Program

Mellon/ACLS Dissertation Completion Fellowships, 2013

Project

Shakespeare's Networks

Department

English Literature

Abstract

This project argues that Shakespeare's social relationships and institutional affiliations greatly affected the composition of his works. Combining an examination of his intertextual engagements with an investigation of the social contexts through which he knew his fellow authors, it traces how Shakespeare's writing practice grew in a dialectical process with his peers' writing, and how institutional atmospheres such as that of the Middle Temple conditioned this dialectic.
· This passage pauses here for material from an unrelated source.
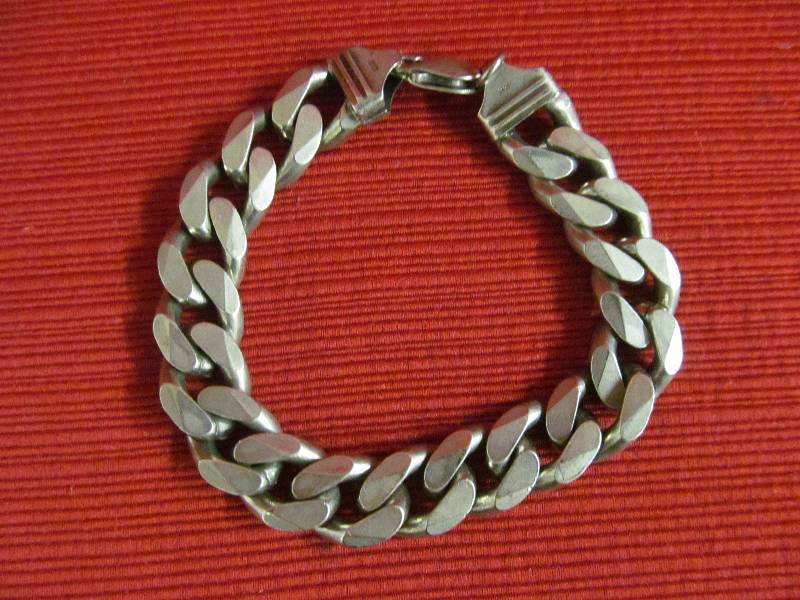 lot 224 image: Bracelet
The dissertation, contending that we need to study these influences when assessing his literary agenda, reads Shakespeare's works against the backdrop of his social networks in order to achieve a fuller understanding of the works themselves, his writing practice, and his place in early modern literary culture.

Program

ACLS Project Development Grants, 2019

Project

Shakespeare's Networks

Department

English

Abstract

This project offers a new account of Shakespeare’s career by arguing that his social networks and institutional affiliations strongly influenced his works. It demonstrates that the social environments Shakespeare inhabited possessed distinctive literary discourses to which he contributed, and generates new readings of his most enigmatic plays by placing them back in these original discursive contexts. The grant will facilitate completion of the manuscript by supporting research and writing during the summer and fall of 2019.